• [Aim of the task]
Your answer must be the lines from the one containing "Водитель грузовика сбил" through the last line below, copied exactly, with no pictures.

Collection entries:
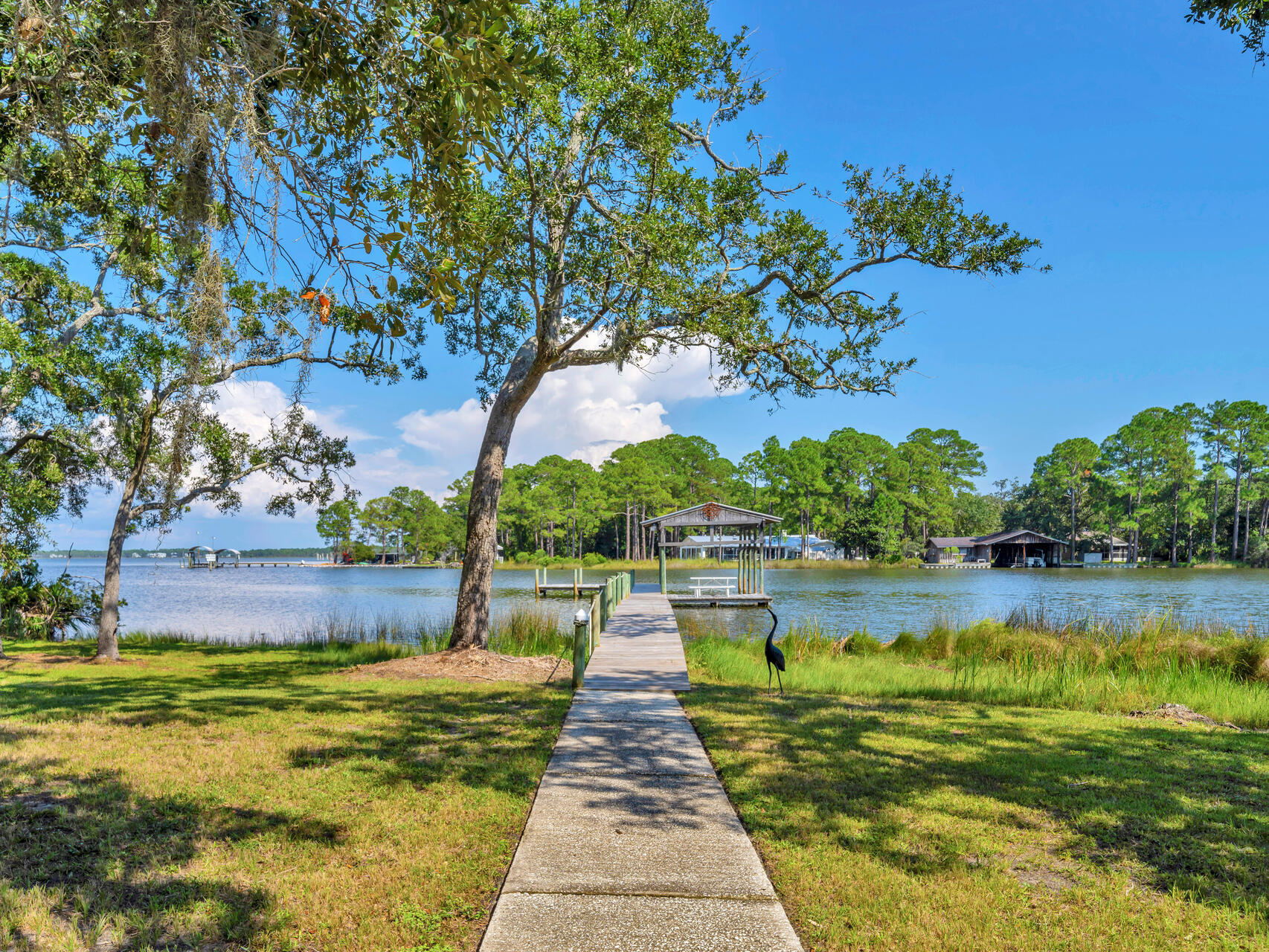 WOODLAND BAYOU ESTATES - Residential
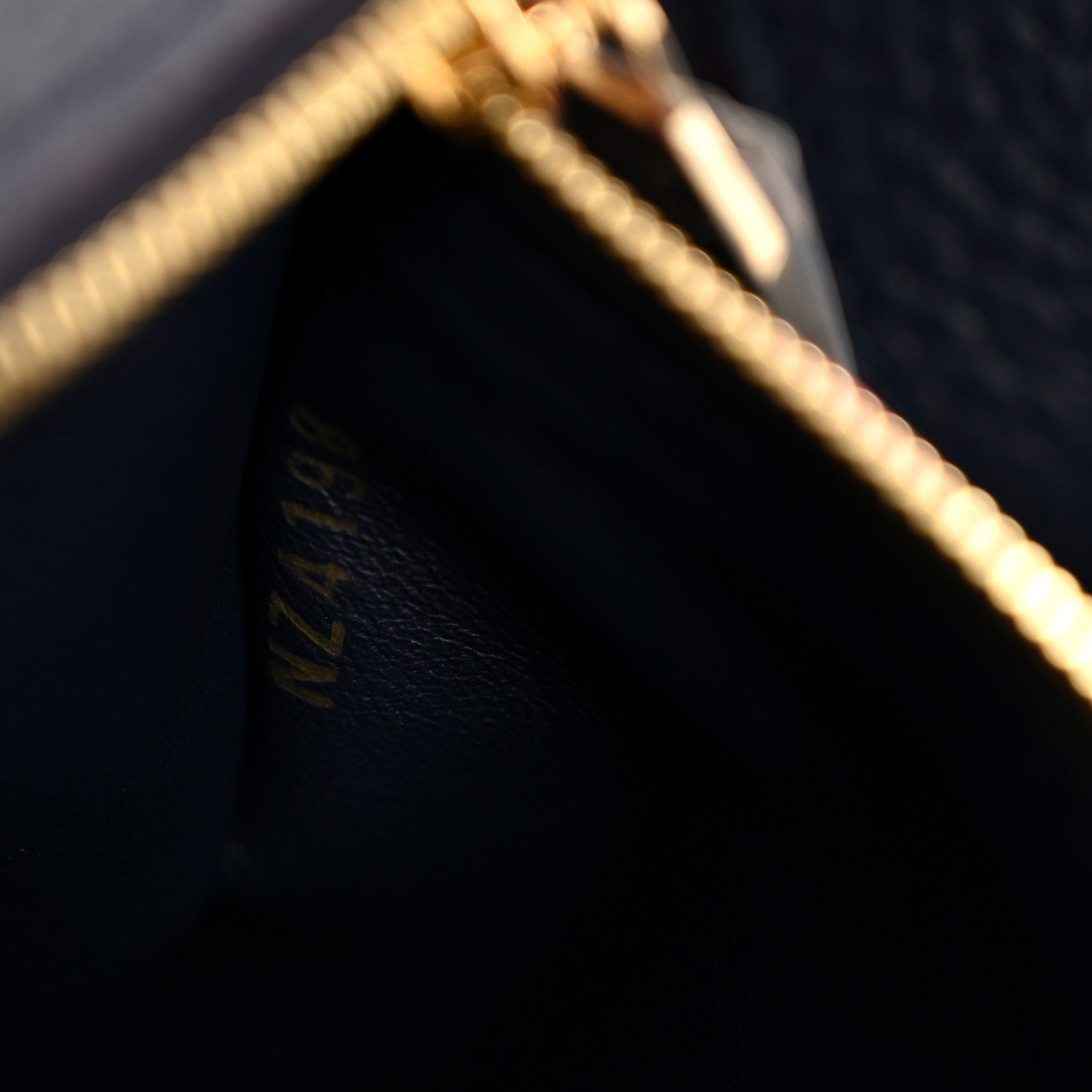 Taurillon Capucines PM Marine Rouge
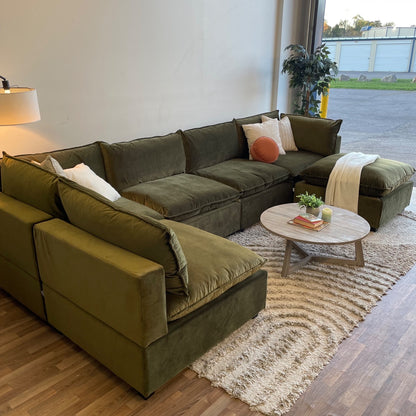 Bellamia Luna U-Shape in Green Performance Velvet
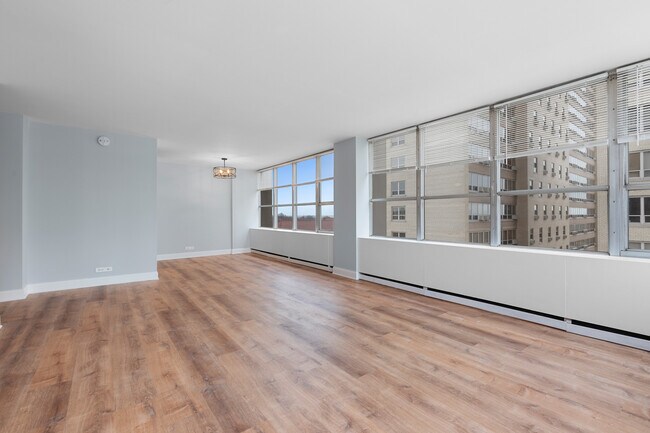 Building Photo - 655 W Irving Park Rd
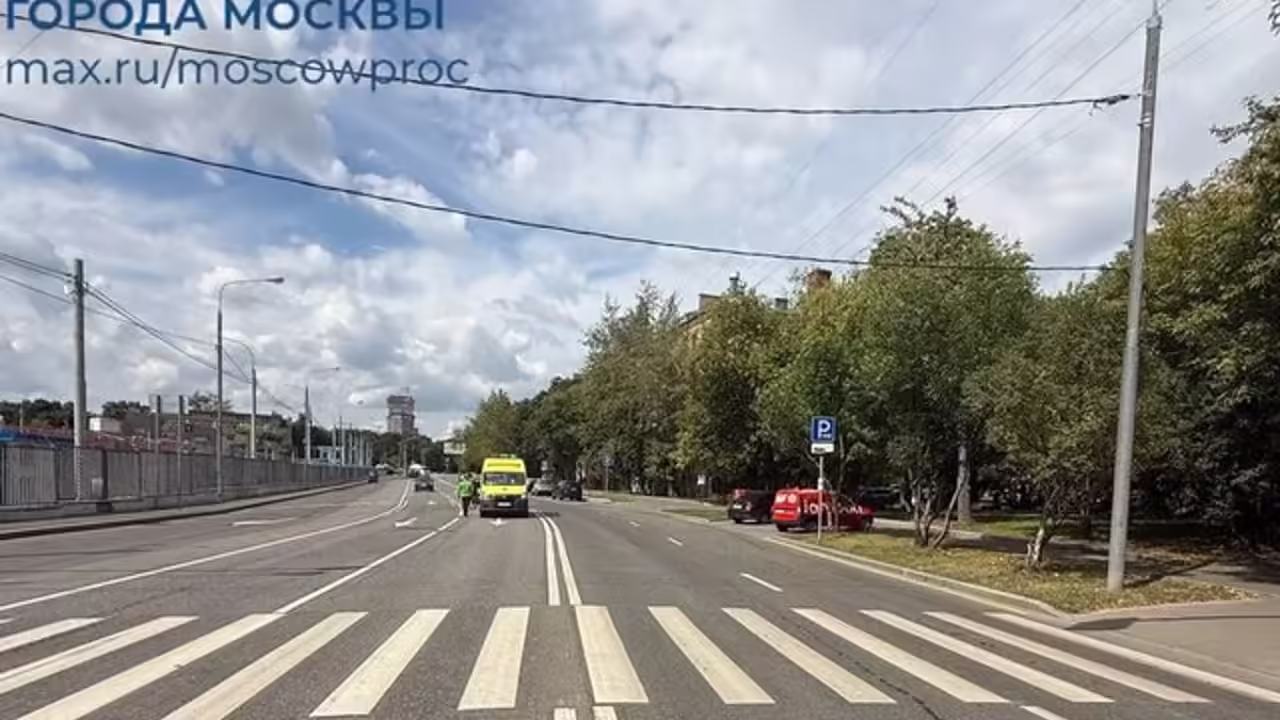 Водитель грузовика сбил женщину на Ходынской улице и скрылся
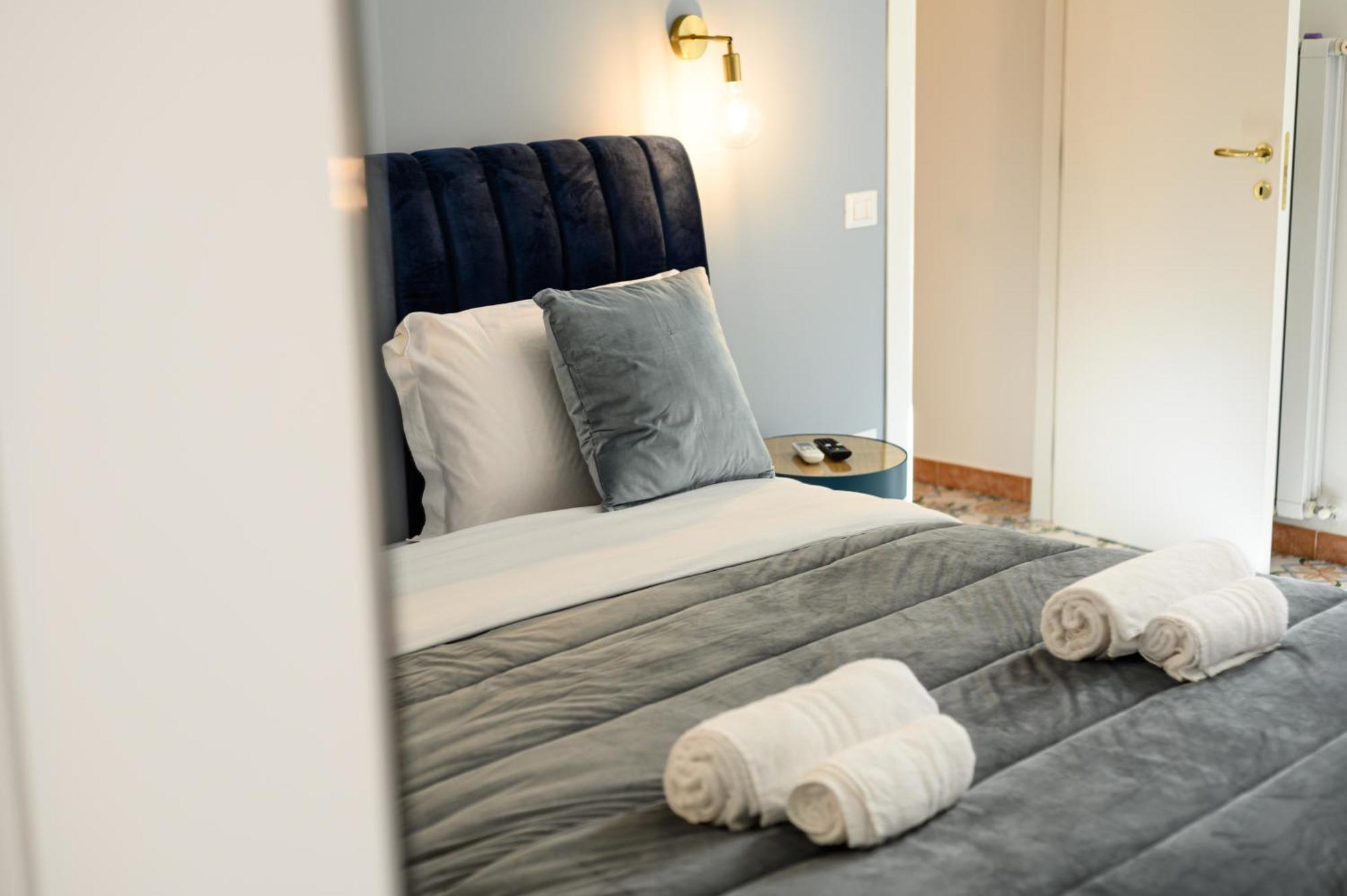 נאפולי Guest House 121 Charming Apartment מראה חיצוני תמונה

• [Reply to the task]
 Водитель грузовика сбил женщину на Ходынской улице и скрылся
 נאפולי Guest House 121 Charming Apartment מראה חיצוני תמונה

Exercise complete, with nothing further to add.